Um das Hauptziel der amerikanischen Politik zu erreichen, nämlich China und Russland zu destabilisieren und nachhaltig zu schwächen, sollte eine altbewährte Waffe der Europäer eingesetzt werden; der sogenannte radikale Islamismus.
Dafür sollten amerikatreue Gruppierungen in den arabischen Ländern unter der Überschrift „Arabische Frühling“ an die Macht kommen, um längerfristig einen Religionskrieg gegen das schiitische Iran zu führen. In der zweiten Phase der kriegerischen Auseinandersetzung war geplant, die sogenannte „islamische Revolution“ weiter nach Asien zu transportieren.

Die Wahl als Zielland für den Start des Vorhabens fiel auf Syrien

So wurden mit Unterstützung arabischer Länder zehntausende Söldner und fehlgeleitete „Glaubenskrieger“ aus vielen arabischen und europäischen Ländern mit modernsten Waffen ausgerüstet und systematisch nach Syrien eingeschleust. Weitere Rückendeckung erhielten sie von einer Protestbewegung innerhalb der syrischen Bevölkerung, die mit einheimischen Waffen ausgestattet einen grausamen Bürgerkrieg begann, was bisher über 500.000 Menschen, in der Mehrzahl Zivilisten, das Leben kostete. Darüber hinaus wird die Zahl derer, die ihre Heimat verloren, von Hilfsorganisationen mit über 13 Millionen beziffert, und es kam de facto zu einer Aufspaltung des syrischen Territoriums, wobei der Irak sicherlich als Blaupause diente. Noch heute wird ungefähr ein Drittel des syrischen Territoriums (ca. 90 % der syrischen Erdölvorkommen) von den USA sowie ihren Verbündeten YPG/PKK völkerrechtswidrig okkupiert, kontrolliert und ausgebeutet.

Die US-Administration verfolgte in Syrien mehrere grundlegende Ziele. Ins Auge gefasst war die Aufspaltung und damit Schwächung Syriens, was erfolgreich umgesetzt wurde, außerdem die Gründung einer kurdischen Autonomiezone im Norden Syriens an der südlichen Grenze zur Türkei, was den Einfluss der YPG/PKK auf Dauer zementieren sollte.

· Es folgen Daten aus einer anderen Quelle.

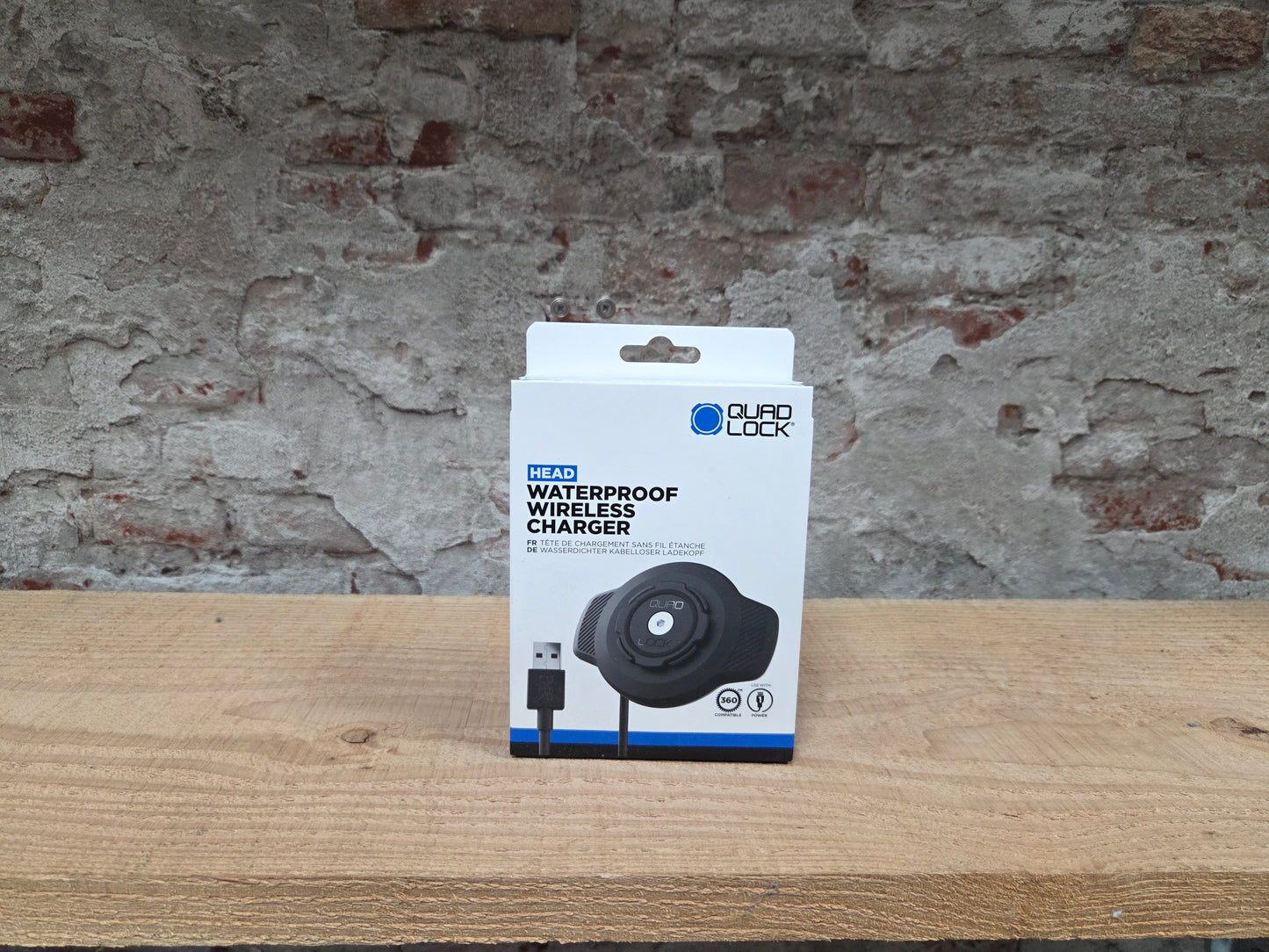 QUAD LOCK wireless charging head cycle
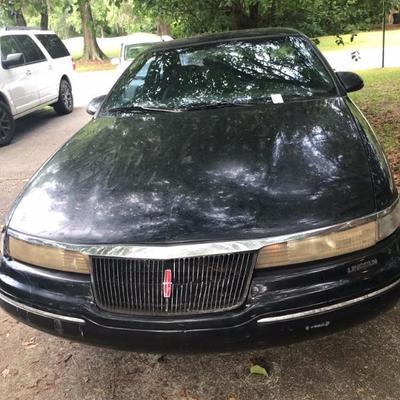 $1000
1993 Lincoln Mark 8 
 
124,000 MIles
 
Leaks oil, won't hold a charge, passenger headlight damaged held together with duct tape,...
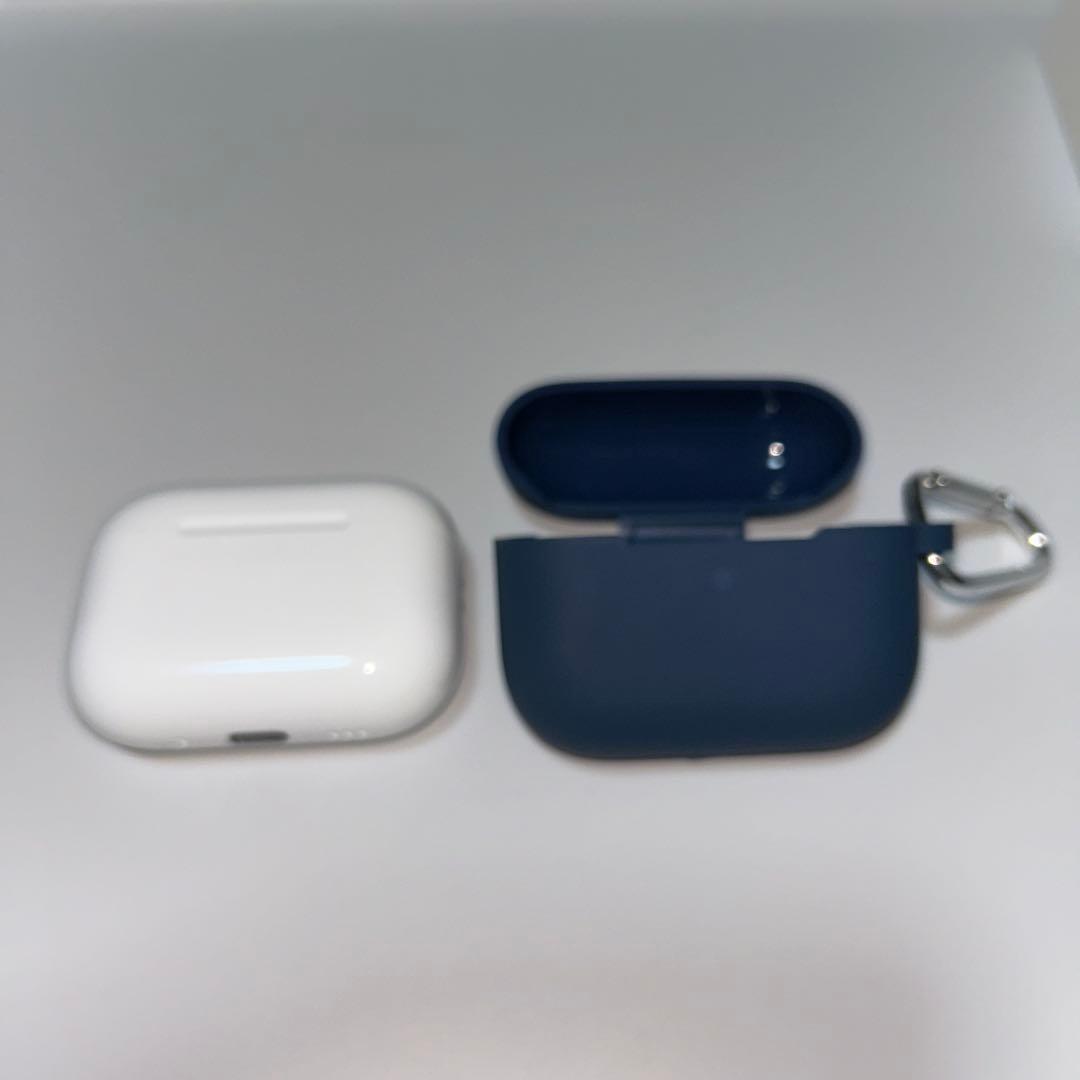 Apple AirPods Pro 3 ＋ケース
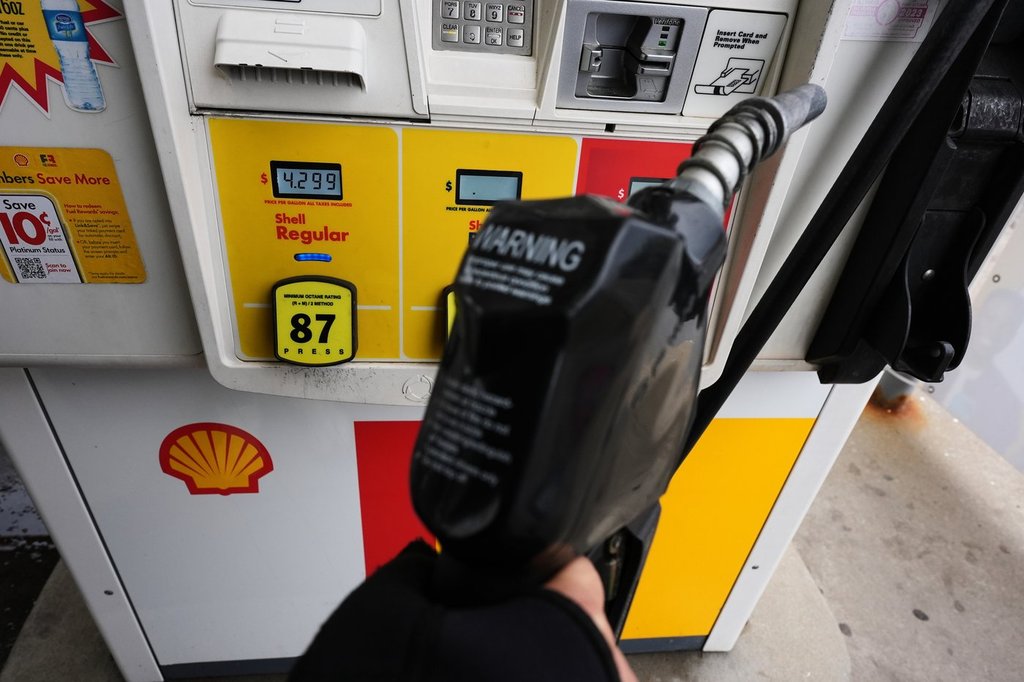 B.c. Gas Prices Forecast To Hit Record High Amid Stalemate In Iran, U.s. Peace Talks - Beritaja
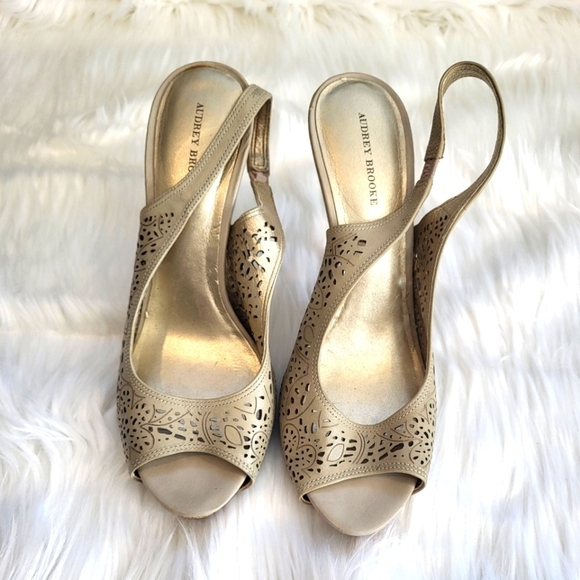 Audrey Brooks Laser Cut Sling back Heels - Picture 2 of 8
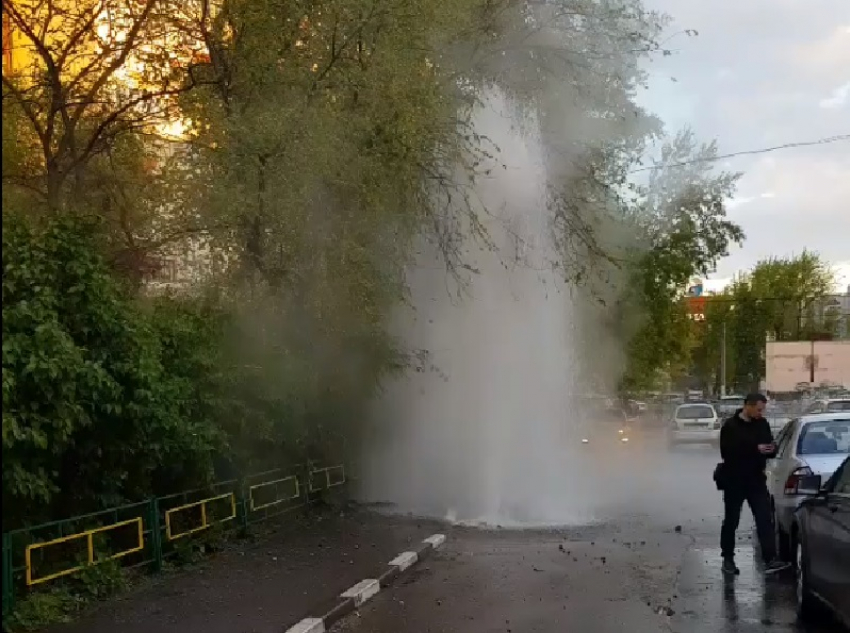Фонтан кипятка высотой с дерево попал на видео в Воронеже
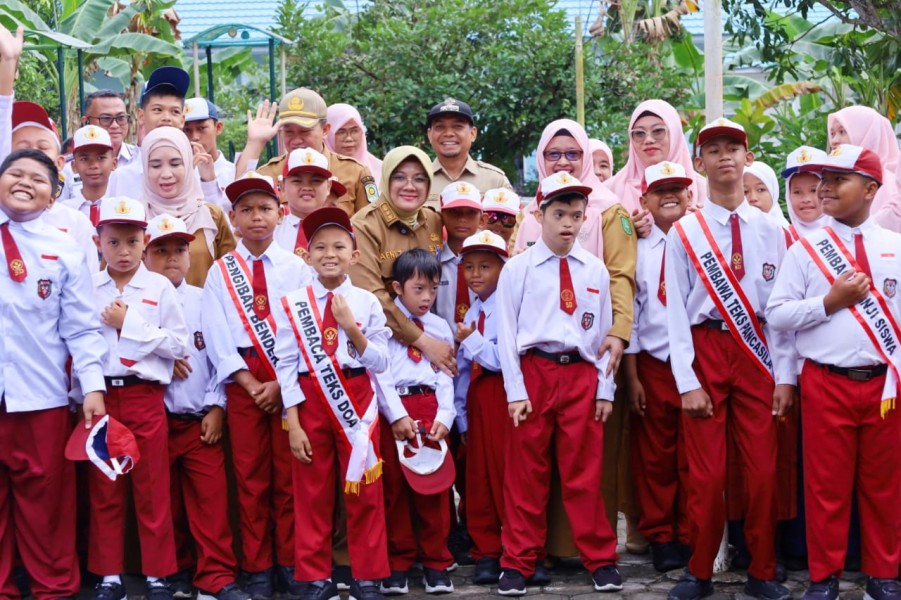Bupati Afni Motivasi Pelajar SLB, Dukung Fasilitas dan Program Pendidikan Inklusif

Dieses Territorium sollte außerdem als Basis dafür fungieren, um die türkische Republik längerfristig zu destabilisieren und einen von den USA kontrollierten kurdischen Staat mit einem Staatsgebiet vom Mittelmeer bis an die Grenzen zu Georgien zu gründen, was durch die Intervention der türkischen Streitkräfte erfolgreich verhindert wurde.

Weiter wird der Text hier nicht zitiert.